Data extract
_ _ _ _

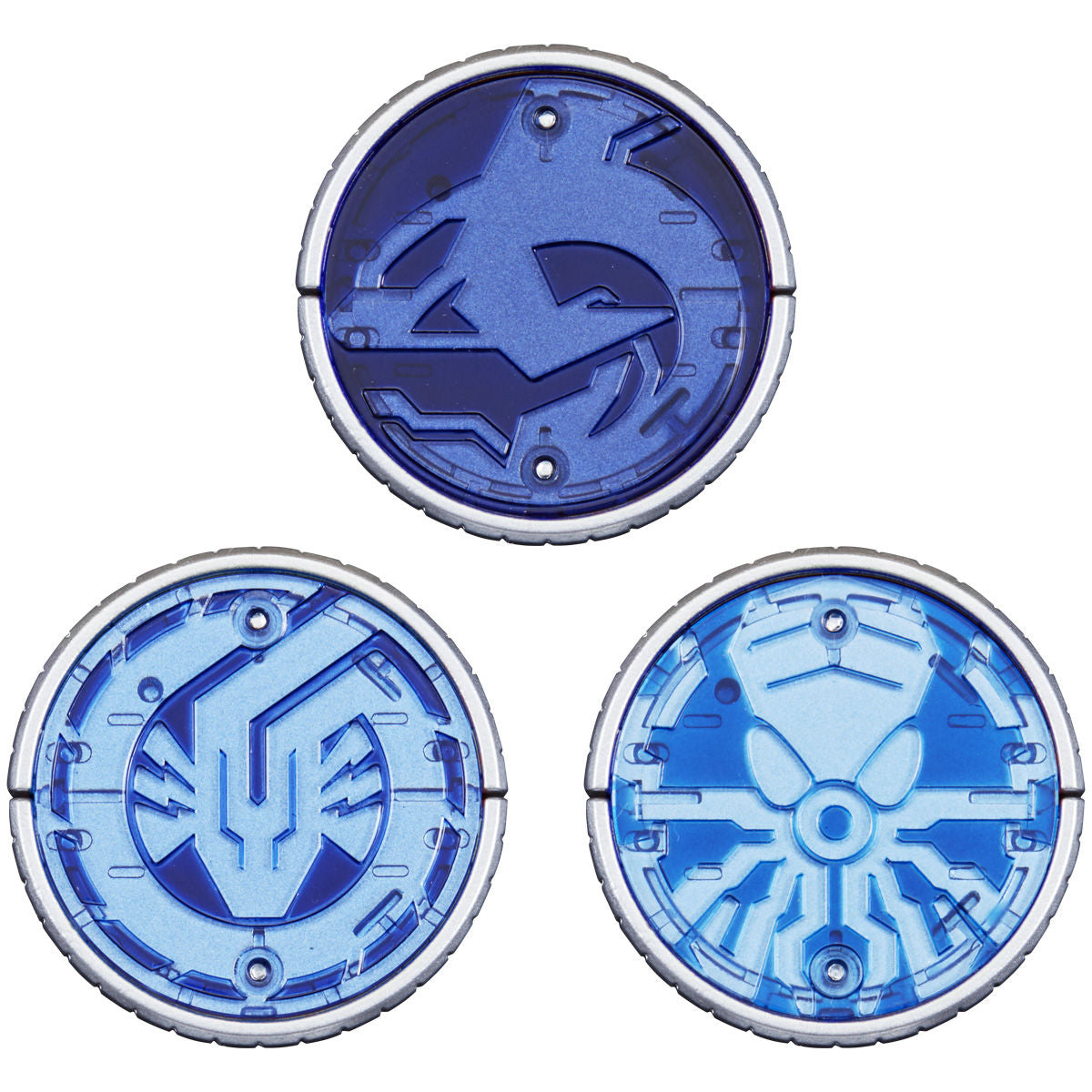 Extra Set of CSM OOO Painted Die - Cast Core Medals (Super Tatoba and Foundation X)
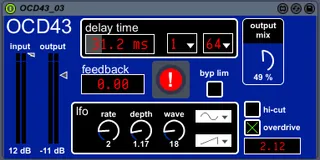 OCD43 Delay screenshot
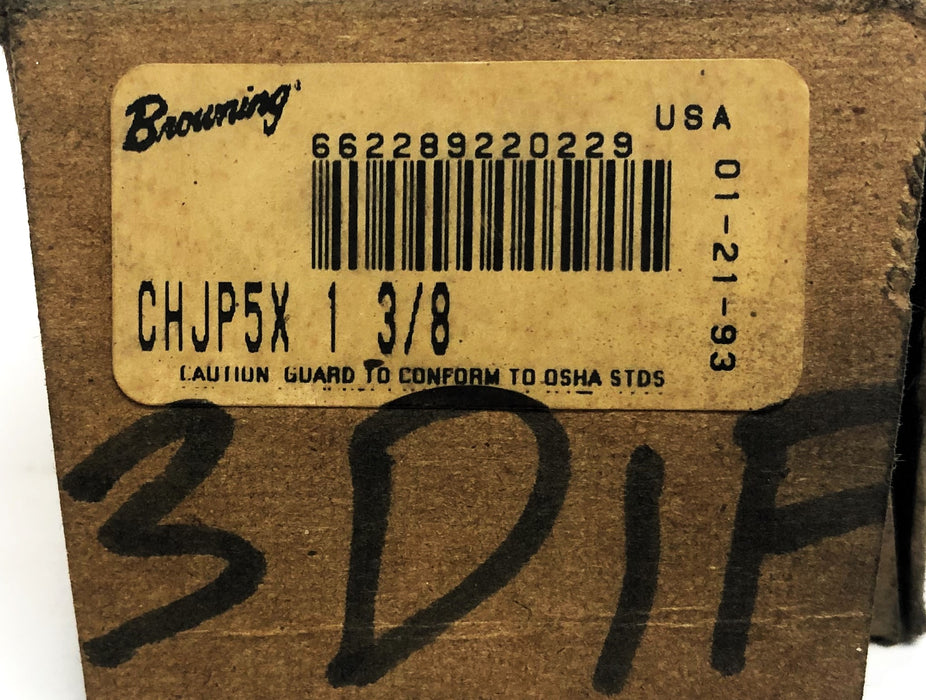 Browning Jaw Coupling CHJP5X1-3/8 NOS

_ _ _ _

Description of the task
Write out the material exactly as it stands, omitting every picture.

Reply
 Extra Set of CSM OOO Painted Die - Cast Core Medals (Super Tatoba and Foundation X)
 OCD43 Delay screenshot
 Browning Jaw Coupling CHJP5X1-3/8 NOS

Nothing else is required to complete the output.